I’ve been on the receiving end of bullies from fucking
hell since 2006. That's not something I'm cryng about, it's just a reality - as a result of things I had absolutely nothing to do with. It amazes me how
sadistic and vindictive so many people can be – especially when they have the
upper hand. You know what’s even more
funny – the fact that these are all full grown adults, not kids in middle
school or grade school – but full grown but pathetic adults.
I’ve been doing everything humanly possible to get my life
back – ever since I got back to the States in 2009 – after a horrible 3-1/2
years in the third world country known as Peru.
I have music that has been accepted by Pandora, the songs have been
there for a couple of months. Of course,
it takes time (months) for it to get heard, then more time (more months) to get
into the payout system. In short, I
think the clock won. I have held my
tongue while being sniped at, bossed, corrected, and bullied to beat hell for
the most part of the past five years. I
realize that cheap insults say everything about the insulter, and nothing about
the insultee, and that has kept me from firing back most of the time. The handful of times when I did fire back, it’s
“Ok, then get the fuck out…”. If I dare
to stand up for myself, dare to state my differing opinion, dare to defend my
position, and it’s, “Ok, then GET THE FUCK OUT”. I’ve been treated by somebody who claims to
care about me – treated worse than some people treat their dog. I’ve said many times, financial “support”
does not entitle a person to abuse anyone, and I’ll be damned if I’m going to
be THANKFUL for being beat up on whenever a person feels the need to beat up on
somebody. I’ve always felt for the women
who were forced to endure this kind of thing, but even moreso now that I’ve
lived it – and to think it’s the woman doing the abusing, threatening,
and bullying, with not a goddam thing I can do about it. I don’t care about all the macho bullshit
that gets spread around, because there are certain realities that are present, and
all the badass speak in the world will not change it. Oh yeah, and I don’t smoke, drink, do drugs,
gamble, mess around, or spend money frivolously, and I do many things to
contribute in whatever ways possible.

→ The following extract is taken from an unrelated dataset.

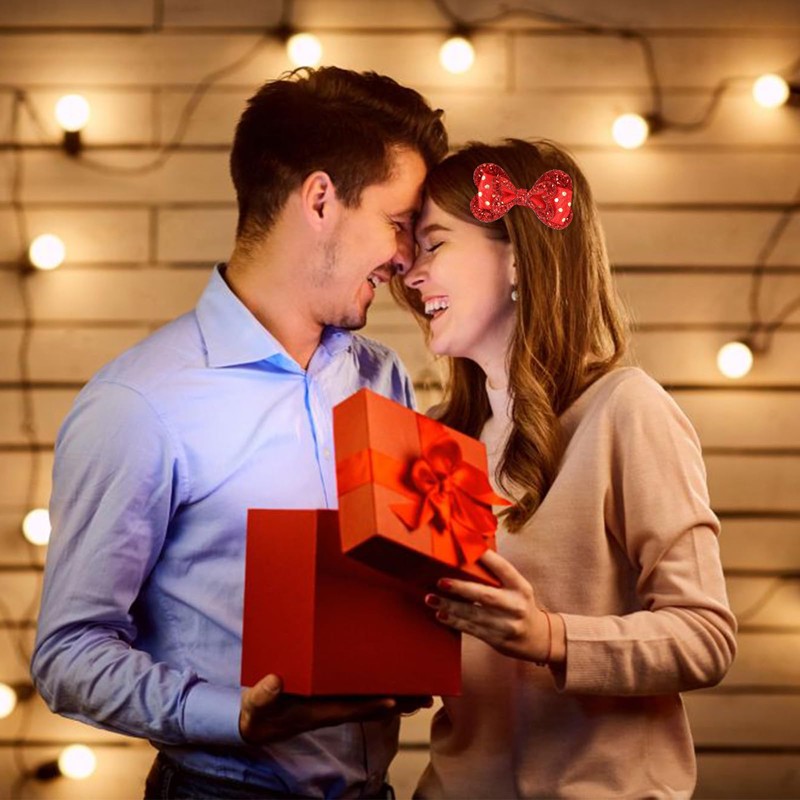 Heart Hair Clips Bows Red Glitter Sequin Gauze Hairpins Women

I’ve
always managed to keep my head, except for the few times I had to back some
belligerent, bullying ass off of me – after being pushed and pushed and pushed.
Should I succeed in getting a decent income before I end
up being thrown out into the street, then great, but it’s possible, probably
even likely, that it will not go that way.
Should it not, I won’t be sad about it, but after everything else the
universe, with the help of boatloads of cowardly, vindictive people, has done
to me, I will not be tossed out into the street. Should this bully from hell wreak her revenge
by tossing me out, then the Powers That Be will have one less insolent to deal
with, and let me tell you, I won’t miss this sadistic place one tiny bit.